* _Records shown_
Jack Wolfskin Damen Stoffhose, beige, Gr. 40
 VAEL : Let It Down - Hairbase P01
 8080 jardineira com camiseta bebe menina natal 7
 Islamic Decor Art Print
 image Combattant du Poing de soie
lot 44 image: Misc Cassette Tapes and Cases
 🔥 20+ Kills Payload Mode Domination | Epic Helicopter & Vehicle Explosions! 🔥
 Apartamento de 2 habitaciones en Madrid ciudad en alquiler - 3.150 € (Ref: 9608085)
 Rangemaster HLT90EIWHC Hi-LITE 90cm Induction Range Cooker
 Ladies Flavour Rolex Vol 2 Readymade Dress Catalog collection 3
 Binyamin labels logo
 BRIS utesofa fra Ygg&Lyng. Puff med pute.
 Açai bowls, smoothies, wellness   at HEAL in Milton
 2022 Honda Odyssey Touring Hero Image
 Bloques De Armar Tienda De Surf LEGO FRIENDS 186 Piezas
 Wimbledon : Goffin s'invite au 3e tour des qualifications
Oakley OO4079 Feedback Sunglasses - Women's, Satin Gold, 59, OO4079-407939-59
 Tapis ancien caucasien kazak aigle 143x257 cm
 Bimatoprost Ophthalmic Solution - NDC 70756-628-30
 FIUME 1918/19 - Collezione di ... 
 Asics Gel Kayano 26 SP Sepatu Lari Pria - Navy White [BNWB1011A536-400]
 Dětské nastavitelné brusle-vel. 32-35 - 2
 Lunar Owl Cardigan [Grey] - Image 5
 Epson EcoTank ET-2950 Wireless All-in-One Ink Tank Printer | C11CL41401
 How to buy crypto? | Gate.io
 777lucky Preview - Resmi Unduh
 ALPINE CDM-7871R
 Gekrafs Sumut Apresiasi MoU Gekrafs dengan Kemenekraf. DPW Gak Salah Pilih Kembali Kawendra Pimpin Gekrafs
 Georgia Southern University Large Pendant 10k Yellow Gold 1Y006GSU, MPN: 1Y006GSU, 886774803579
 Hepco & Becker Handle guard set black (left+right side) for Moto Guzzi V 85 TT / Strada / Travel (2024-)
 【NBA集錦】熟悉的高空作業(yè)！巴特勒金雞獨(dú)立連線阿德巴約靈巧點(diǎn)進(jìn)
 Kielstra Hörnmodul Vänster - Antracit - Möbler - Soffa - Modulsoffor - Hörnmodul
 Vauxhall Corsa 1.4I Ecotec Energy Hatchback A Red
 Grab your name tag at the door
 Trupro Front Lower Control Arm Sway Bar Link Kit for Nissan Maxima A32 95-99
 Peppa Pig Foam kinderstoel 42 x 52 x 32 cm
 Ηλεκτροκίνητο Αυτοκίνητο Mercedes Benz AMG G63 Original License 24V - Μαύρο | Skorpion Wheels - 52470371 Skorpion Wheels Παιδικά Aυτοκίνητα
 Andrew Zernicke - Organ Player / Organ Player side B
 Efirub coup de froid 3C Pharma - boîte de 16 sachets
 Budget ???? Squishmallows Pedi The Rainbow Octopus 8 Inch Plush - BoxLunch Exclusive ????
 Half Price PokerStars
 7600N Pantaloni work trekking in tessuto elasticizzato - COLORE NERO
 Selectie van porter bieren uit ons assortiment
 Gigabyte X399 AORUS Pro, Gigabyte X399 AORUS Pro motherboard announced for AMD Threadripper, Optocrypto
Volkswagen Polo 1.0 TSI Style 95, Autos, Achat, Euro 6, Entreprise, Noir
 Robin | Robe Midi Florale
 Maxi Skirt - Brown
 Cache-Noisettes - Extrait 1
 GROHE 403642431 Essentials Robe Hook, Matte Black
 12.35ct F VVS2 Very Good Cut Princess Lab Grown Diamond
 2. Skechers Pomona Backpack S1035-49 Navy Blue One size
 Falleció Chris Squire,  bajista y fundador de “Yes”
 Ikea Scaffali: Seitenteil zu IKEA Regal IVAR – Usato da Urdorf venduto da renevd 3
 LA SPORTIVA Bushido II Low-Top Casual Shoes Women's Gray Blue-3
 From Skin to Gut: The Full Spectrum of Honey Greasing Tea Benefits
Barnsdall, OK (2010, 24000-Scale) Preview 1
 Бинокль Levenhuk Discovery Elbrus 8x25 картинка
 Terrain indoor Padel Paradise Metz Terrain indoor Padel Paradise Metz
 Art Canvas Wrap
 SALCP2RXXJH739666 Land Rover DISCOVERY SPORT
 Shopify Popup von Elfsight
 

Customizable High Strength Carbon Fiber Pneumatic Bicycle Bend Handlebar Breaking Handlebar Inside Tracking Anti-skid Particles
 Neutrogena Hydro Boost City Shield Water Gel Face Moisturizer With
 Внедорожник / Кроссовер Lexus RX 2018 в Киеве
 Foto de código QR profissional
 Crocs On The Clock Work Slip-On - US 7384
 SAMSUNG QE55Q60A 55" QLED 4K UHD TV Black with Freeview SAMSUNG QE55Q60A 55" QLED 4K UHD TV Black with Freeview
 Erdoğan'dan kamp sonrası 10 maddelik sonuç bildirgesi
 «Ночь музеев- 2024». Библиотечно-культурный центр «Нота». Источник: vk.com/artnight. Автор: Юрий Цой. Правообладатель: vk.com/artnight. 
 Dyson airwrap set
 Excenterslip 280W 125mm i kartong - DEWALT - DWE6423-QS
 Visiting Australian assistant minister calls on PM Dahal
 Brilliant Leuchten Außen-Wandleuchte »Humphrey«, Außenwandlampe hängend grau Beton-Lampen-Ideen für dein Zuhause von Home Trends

* _Task objective_
The lines to extract from the data above begin with the line containing "Binyamin labels logo" and end with the line containing "Wimbledon : Goffin". Extract them exactly, including both.

* _Response to the task_
 Binyamin labels logo
 BRIS utesofa fra Ygg&Lyng. Puff med pute.
 Açai bowls, smoothies, wellness   at HEAL in Milton
 2022 Honda Odyssey Touring Hero Image
 Bloques De Armar Tienda De Surf LEGO FRIENDS 186 Piezas
 Wimbledon : Goffin s'invite au 3e tour des qualifications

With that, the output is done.